▸ **INFORMATION PROVIDED**
= Beginning of Section =
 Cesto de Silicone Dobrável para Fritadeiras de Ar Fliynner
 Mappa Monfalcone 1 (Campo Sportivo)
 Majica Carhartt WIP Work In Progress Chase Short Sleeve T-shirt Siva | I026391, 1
= End of Section =
= Beginning of Section =
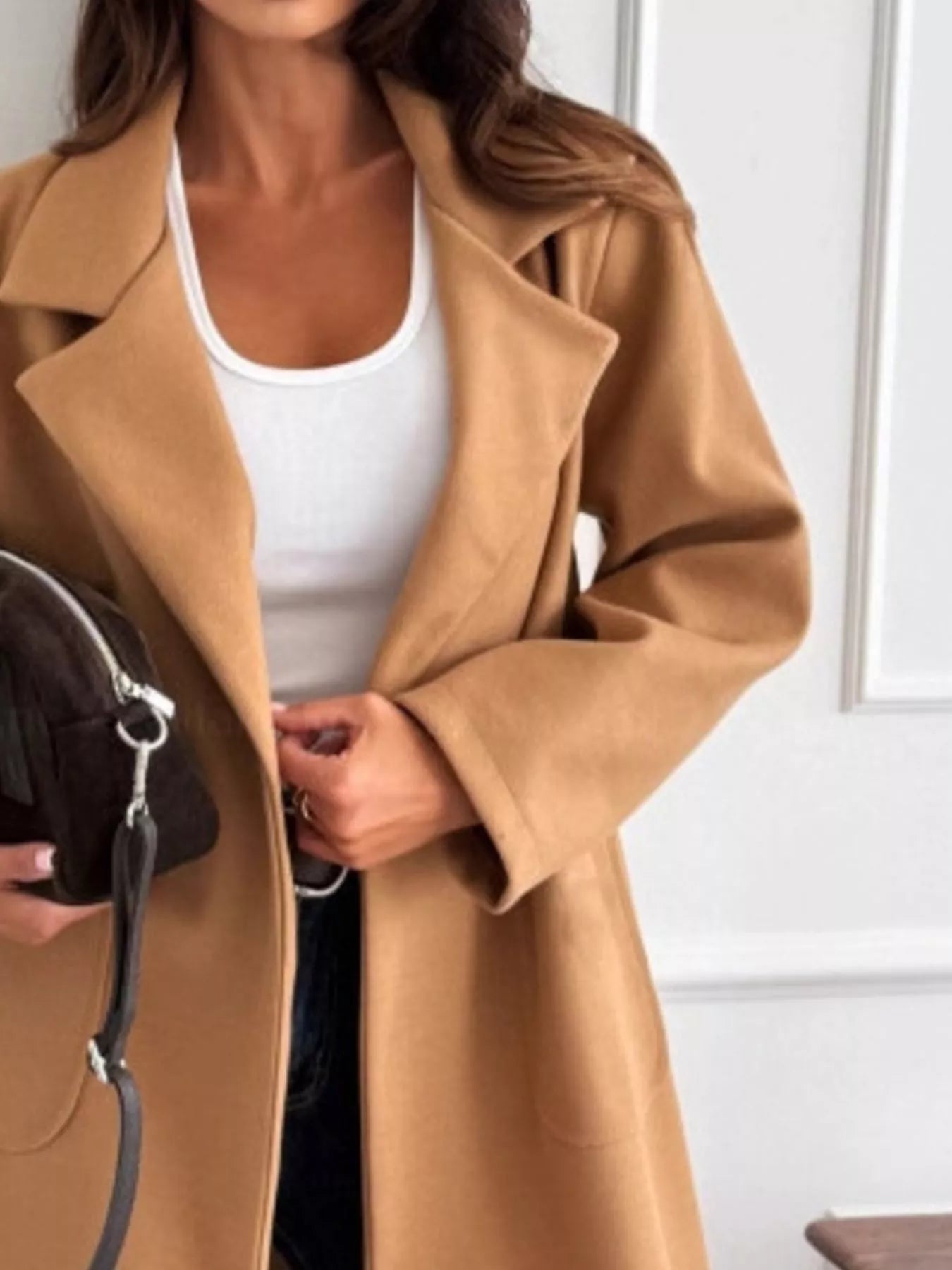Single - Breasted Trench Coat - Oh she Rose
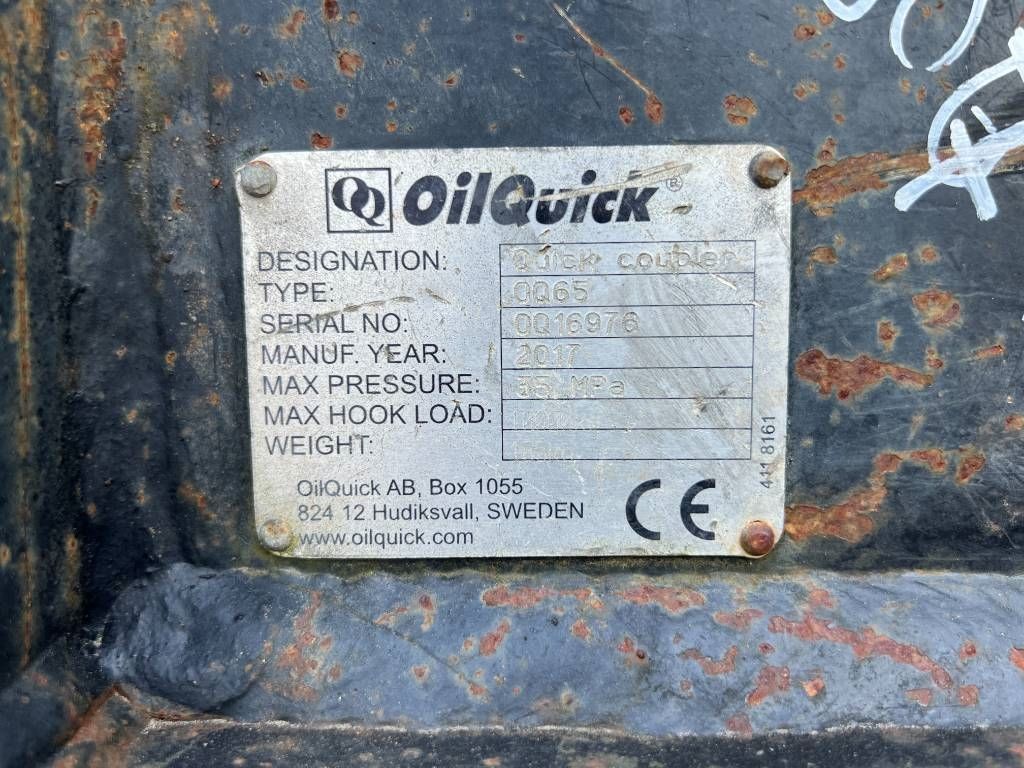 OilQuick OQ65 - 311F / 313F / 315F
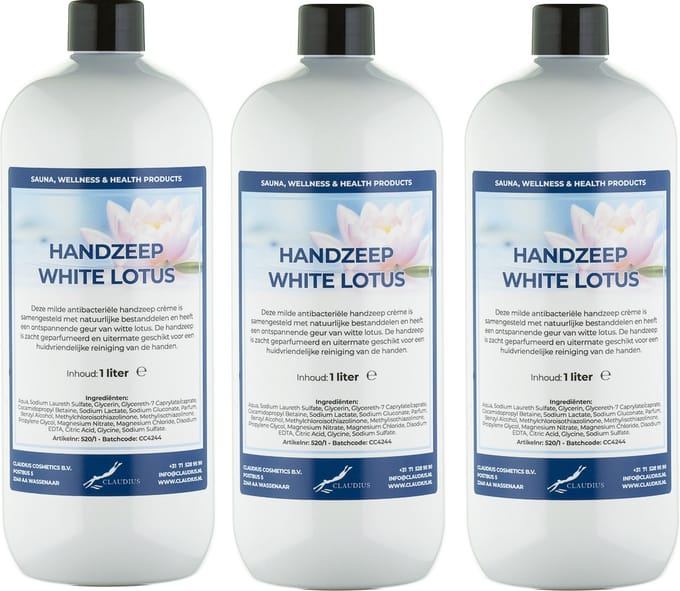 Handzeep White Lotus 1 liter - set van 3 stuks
= End of Section =
Using the entries above, transcribe exactly from the line that has "Single - Breasted Trench Coat - Oh she Rose" through the line that has "Handzeep White Lotus". Pictures are dropped.

Single - Breasted Trench Coat - Oh she Rose
 OilQuick OQ65 - 311F / 313F / 315F
 Handzeep White Lotus 1 liter - set van 3 stuks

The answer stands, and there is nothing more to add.